Hello,
I have been craving sex alot lately including thinking about a particular man who I briefly dated but because of some misunderstanding we stopped talking and we haven't talked about a year. At first, I thought it was just because there was something special about him but now I am starting think it is just because I am craving sex and its impairing my judgement. My desire to have sex is so strong now that I have been having frequent thoughts about having sex with him in particular. Just now, I dreamed about having sex with a mysterious man with a hat on so I don't see his face but he had a hot body and definitely knew what he was doing.
I have been abstain from having sex because I prefer to wait until marriage or at least not to jump into bed until I build a connection with that person.

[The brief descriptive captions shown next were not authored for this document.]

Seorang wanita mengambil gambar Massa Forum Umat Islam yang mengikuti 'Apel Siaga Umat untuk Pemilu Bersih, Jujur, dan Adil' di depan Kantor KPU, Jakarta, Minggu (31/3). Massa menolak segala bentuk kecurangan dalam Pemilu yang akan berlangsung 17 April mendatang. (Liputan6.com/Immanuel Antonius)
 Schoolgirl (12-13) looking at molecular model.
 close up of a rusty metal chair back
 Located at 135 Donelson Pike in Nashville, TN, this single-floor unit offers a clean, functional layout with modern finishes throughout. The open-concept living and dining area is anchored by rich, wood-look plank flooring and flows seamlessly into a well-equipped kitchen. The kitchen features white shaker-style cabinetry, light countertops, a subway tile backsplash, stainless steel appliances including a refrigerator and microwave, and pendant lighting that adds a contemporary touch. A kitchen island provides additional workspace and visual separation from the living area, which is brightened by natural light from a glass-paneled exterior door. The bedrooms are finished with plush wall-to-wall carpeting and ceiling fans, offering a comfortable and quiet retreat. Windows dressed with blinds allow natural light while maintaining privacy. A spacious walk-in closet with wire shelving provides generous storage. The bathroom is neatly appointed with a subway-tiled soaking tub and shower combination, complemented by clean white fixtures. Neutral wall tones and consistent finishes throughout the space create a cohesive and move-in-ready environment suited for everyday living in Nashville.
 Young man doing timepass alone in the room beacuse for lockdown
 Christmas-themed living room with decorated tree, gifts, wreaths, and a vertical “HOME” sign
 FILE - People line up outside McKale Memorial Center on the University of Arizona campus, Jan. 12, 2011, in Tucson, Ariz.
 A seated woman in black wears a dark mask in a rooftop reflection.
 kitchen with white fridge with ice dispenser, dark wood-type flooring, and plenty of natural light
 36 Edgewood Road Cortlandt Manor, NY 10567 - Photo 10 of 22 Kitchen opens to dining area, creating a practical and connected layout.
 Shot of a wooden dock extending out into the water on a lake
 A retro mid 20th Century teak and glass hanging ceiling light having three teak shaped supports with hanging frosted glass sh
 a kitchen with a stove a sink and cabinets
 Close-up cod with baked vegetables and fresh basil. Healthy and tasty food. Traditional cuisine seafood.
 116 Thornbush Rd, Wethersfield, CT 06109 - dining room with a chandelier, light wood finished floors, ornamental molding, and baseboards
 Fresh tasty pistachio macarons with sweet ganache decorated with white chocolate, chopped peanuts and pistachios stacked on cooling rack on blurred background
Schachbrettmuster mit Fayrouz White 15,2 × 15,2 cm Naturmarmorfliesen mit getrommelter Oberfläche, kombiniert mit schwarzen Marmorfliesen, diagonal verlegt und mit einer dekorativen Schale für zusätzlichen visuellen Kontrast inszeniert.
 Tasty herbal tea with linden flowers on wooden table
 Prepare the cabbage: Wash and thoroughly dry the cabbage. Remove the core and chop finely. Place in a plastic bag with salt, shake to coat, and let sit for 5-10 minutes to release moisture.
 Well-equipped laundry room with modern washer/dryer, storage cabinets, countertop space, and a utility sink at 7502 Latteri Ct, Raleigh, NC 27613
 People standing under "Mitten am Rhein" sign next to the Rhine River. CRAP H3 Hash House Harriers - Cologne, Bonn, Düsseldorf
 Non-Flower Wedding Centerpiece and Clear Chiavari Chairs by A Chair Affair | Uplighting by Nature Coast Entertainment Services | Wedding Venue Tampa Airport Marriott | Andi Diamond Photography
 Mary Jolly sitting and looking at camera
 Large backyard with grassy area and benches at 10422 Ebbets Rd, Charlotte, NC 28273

I have been doing this for a very long time with much success but lately these craving has been driving me crazy and its stronger than ever before.
I have been focusing on my career so I haven't really put effort into meeting people but once things cool down a bit in a few months, I plan to start dating again and I am so afraid that this new craving is going to impair my judgement. Help??
Anyone has this experience? Please share. I don't know who to talk to about this as this is kind of embarrassing even to my closest friends.
Should I contact that man who I have briefly dated a year ago that I have been having frequent thoughts about? I find it sort of embarrassing since it was so long ago and now to appear out of the blue. Plus, he seem angry at me the last time we made contact so I don't know whether I should apologize. I don't know whether I should tell him I have been thinking about him. Is that creepy? I am afraid of getting rejected and looking stupid.